Parque 9 de Julio, Tucuman, Argentina +54 381 452-2332
Rio Noque Waterfall
If you’re looking for some light activity during your stay in Tucuman, take a trip to the Cerro San Javier, a 30 minute hike that is suitable for families. After a short walk through the Yunga forest, you will walk along the river and come to a picturesque waterfall on the Rio Noque. Stop and take in the delicate flow of water that winds its way over the stone and into the shallow riverbed below.
Campo de los Alisos National Park
This national park is a nature reserve and protected area, notable for its Yunga forest and biodiversity.
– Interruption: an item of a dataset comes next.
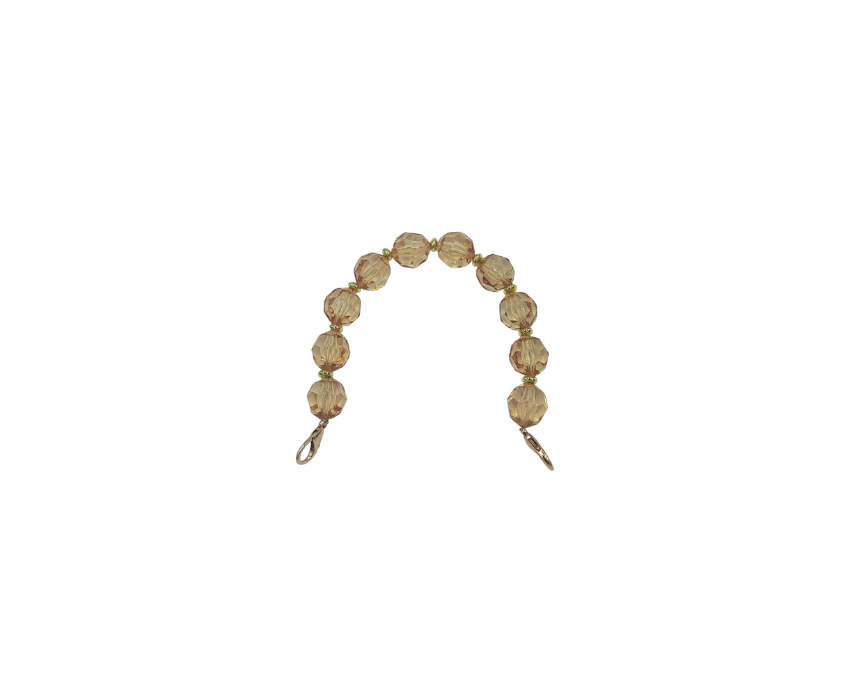 1 Crystal Beaded Chain Strap - Image 1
Located in the Aconquija mountains at the south end of the Calchaquies Valley, at the lower levels you will encounter a particular type of local jungle, and the further up you go, the more barren and mountainous the landscape becomes.
Alpachiri, Tucumán, Argentina +54 9 3865 40-5985
Our Lady of the Incarnation Cathedral
This is the city’s main church and was founded in 1685, judging by some of the cathedral’s foundations. Architecturally, it is an interesting mix of colonial and hispanic architecture, as well as some later 19th century additions by French and Spanish architects.
Av. 24 de Septiembre 420, San Miguel de Tucumán, Tucumán, Argentina +54 381 421-2707
This nature reserve boasts a host of great natural features such as rivers, creeks, streams and waterfalls, all set within beautiful hills. To reach the waterfalls, you can follow the river, or take the path between the hills. The first path is shorter but more challenging, while the second is longer but much easier to navigate.